Q: I think people's impression of the nose tackle is big, 300-pound guys and you have Klecko who is 283, Jarvis Green is 285. Do you think you can do the job at that position at that size?
BB: Well, sure. I think there are different styles. You look at a guy like [Anthony] McFarland, guys like Brad Culpepper, people like that who have played on the nose. Jarvis is 285. We played with Ernie Logan at the Jets and it's probably about the same type of build, same type of body type. Tim Goad played here for a long time, [who was] one of the better noses in the league. I doubt if he weighed 260. There's different styles and different body types, a little difference in style and techniques there, but in the end I think that for a player to be effective, he's got to have some quickness, he's got to have good hand usage and has to be able to play with strength regardless of what his actual 'poundage' and weight room and all of that is. He has to be able to play with strength and balance like a wrestler would with guys leaning on them and different combinations and angles and be able to play with his feet under him and play with his strength in there.
Q: Is Seymour better suited for either side?
BB: He's played both. We might end up with him on the left end. I don't know. But he's played more on the right. Anthony has played more on the right. Ty and Bobby played more on the left. Rick has played on the left and the right. If we have to swing them, we will swing them. Anthony is the guy who, when I was in Cleveland, played right end on first and second down and played left end on third down. Only Clay Matthews went to right end. I think there is some versatility there. Like I said, we've got to them somewhere so that is where we are going to start him. I am sure in the end there will be some movement.
Q: What is it about Seymour's package that makes him an effective end? Is it is quickness?

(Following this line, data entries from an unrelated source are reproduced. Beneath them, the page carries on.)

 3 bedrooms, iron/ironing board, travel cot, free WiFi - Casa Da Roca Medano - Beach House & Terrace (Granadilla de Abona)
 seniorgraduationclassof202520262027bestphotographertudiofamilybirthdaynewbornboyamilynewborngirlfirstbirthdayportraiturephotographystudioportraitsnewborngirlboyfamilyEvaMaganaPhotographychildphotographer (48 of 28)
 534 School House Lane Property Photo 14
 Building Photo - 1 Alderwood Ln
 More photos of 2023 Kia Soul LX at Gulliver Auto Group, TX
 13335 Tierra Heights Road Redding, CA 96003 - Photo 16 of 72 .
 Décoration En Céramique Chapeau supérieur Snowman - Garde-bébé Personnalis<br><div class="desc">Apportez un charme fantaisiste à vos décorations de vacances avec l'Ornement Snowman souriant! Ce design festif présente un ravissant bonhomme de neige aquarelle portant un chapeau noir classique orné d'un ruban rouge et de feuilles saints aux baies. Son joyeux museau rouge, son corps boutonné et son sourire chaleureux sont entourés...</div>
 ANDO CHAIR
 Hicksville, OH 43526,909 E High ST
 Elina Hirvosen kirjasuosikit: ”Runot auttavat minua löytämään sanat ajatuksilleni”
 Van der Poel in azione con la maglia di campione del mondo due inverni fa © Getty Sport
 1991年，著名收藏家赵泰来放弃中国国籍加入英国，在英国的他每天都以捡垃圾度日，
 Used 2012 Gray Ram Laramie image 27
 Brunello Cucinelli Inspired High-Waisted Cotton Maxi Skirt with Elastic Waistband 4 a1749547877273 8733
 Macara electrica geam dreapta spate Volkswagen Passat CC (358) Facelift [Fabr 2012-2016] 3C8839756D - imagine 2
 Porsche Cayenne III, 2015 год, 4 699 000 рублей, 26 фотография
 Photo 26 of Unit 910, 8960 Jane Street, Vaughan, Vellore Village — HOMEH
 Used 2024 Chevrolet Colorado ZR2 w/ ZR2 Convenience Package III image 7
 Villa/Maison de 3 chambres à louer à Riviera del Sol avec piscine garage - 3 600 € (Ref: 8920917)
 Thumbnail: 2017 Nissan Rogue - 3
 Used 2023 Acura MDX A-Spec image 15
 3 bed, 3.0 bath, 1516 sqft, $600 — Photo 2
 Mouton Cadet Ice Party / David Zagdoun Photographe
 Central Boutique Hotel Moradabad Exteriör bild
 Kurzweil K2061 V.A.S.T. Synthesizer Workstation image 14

BB: Well Richard is really a tackle. He's not really a 4-3 end even though he can play out there, he is more of a tackle. But in a 3-4 ends, because they end up inside so much because the outside linebackers are really quasi-ends, that's a fit for him. Richard has played inside at the nose in the '01 season. Not that he couldn't play in there, but with his height and his arm length and so forth, he is probably better a little bit more naturally suited to play end. But he could play nose and he has played nose.
Q: With all this versatility, are you looking to find homes for guys?
BB: Sure. No we're not looking to shuffle the deck and place somebody in a new spot every week but we'll see what the best fit is. We'll see what the best combination is and we'll get the best players on the field. Right now, if our two best players are at right end, then we probably want to move one of them so we can get them on the field. If our two best players are at nose, maybe we want to move one of them to end. We'll just have to wait and see how that turns out.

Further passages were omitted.